A Decentralized Policy Gradient Approach to Multi-task Reinforcement Learning
It addresses the challenge of learning a common policy for multiple environments with different rewards and dynamics, which is incremental as it builds on existing policy gradient methods.
The paper tackles multi-task reinforcement learning by developing a decentralized entropy-regularized policy gradient method, demonstrating its effectiveness in experiments from GridWorld to drone navigation with finite-time convergence analysis.
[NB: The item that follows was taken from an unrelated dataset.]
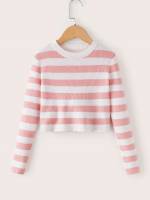 Round Neck Casual Rib-Knit Regular Fit Girls Knitwear 1568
We develop a mathematical framework for solving multi-task reinforcement learning (MTRL) problems based on a type of policy gradient method. The goal in MTRL is to learn a common policy that operates effectively in different environments; these environments have similar (or overlapping) state spaces, but have different rewards and dynamics. We highlight two fundamental challenges in MTRL that are not present in its single task counterpart, and illustrate them with simple examples. We then develop a decentralized entropy-regularized policy gradient method for solving the MTRL problem, and study its finite-time convergence rate. We demonstrate the effectiveness of the proposed method using a series of numerical experiments. These experiments range from small-scale "GridWorld" problems that readily demonstrate the trade-offs involved in multi-task learning to large-scale problems, where common policies are learned to navigate an airborne drone in multiple (simulated) environments.